Friday, September 16, 2011

Zoomer Chronicles: Safety's Anger

     This morning, Zoomer met fraternal twins--Safety's Anger, and Anger's Safety.  Mirror images of one another, they are born of the same root.  Danger.  Fear.
     A return to swimming was my dear ankle's hope.  Pool maintenance.  Facility remodeling.
     A return to swimming was not to be.  Not this day.  Ankle's hope was dashed--dashed far short of 50 yards.
     An elevator.  Button pushed.  A short wait.  Doors opened. Zoomer wheeled in--turned around.  Facing forward.  Third floor's button pushed.  Ankle's Hope salivating.  Slow and crotchety though she was known to be, today, this elevator went nowhere fast.
     Door Open's button pushed.  As an accordion opens, so too the doors.  Yet, just as with a fast, bad polka, an accordion closes, so too did the doors.  Though Zoomer is learning to dance, the polka is not her step.
     Though armed with her cell phone--a Jitterbug, I kid you not--my ankle's hope kicked back at me.  Angry.

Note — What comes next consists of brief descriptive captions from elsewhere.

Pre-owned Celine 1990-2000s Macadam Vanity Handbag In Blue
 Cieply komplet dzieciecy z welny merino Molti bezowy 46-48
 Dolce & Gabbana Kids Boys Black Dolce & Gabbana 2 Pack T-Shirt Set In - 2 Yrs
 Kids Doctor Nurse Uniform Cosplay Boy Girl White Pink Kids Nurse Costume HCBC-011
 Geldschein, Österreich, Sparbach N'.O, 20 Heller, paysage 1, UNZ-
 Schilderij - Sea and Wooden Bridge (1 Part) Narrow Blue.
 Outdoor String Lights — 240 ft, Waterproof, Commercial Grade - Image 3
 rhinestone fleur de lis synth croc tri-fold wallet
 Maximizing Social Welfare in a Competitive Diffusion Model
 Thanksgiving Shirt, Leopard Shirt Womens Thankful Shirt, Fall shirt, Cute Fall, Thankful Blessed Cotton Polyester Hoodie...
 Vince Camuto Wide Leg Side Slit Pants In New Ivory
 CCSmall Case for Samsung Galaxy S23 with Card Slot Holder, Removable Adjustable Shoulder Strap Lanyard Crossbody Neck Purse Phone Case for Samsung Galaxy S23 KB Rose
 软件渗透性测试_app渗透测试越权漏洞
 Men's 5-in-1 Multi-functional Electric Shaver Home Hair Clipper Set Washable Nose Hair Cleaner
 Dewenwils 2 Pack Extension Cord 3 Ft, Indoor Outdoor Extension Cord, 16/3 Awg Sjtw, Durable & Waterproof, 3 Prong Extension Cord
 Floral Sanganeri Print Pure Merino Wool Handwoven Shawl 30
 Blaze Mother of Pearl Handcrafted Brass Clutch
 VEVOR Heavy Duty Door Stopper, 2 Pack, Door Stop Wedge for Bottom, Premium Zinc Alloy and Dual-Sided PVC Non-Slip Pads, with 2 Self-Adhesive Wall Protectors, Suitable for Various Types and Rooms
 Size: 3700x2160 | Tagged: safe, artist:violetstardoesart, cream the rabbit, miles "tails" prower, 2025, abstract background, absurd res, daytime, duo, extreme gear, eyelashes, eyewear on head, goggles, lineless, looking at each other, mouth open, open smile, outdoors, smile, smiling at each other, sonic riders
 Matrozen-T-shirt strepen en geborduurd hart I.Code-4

With the weight of a bowling ball on her, my ankle's hope was to kick off her burden.  One more time, she implored me.  Third floor button, one more time.  Once again, Zoomer, my ankle's hope, and I went nowhere fast.
    Though Jitterbug tried to call to Ankle's Hope, she would hear none of it.  Take me home, Zoomer.  Take me home.
    Safety's anger. She prevailed.  Safety's Anger drove Zoomer and I out of Harm's Way.
    Though Ankle's Hope kicked high, she fell flat into Zoomer's lap.  No harm.  Just anger.  Frustration.  Door Open's button hit.  Zoomer and I sped forward.  To Safety, we arrived.
    No sign.  Out of Order.  No sign.
    Anger's safety.  Though Safety's Anger had spoken--rescued--now it was for Anger's Safety to speak.
To quiet solitude, find your way.  Let Anger rest, let Safety's Advocate cry forth in due time.
    Impatience overruled quiet solitude.   A simple report. "Your elevator is out of order."  
    "The elevator repairman has been called.  They should be out sometime today."
    Safety's Anger yet satisfied, though Logic told her she should be.
      "You are new to this world, there were many signs not posted before you.  Many signs will not be posted in years yet to come."
     Yet,"Where is the Out of Order sign--Safety's Warning?" was all this impatient soul could ask.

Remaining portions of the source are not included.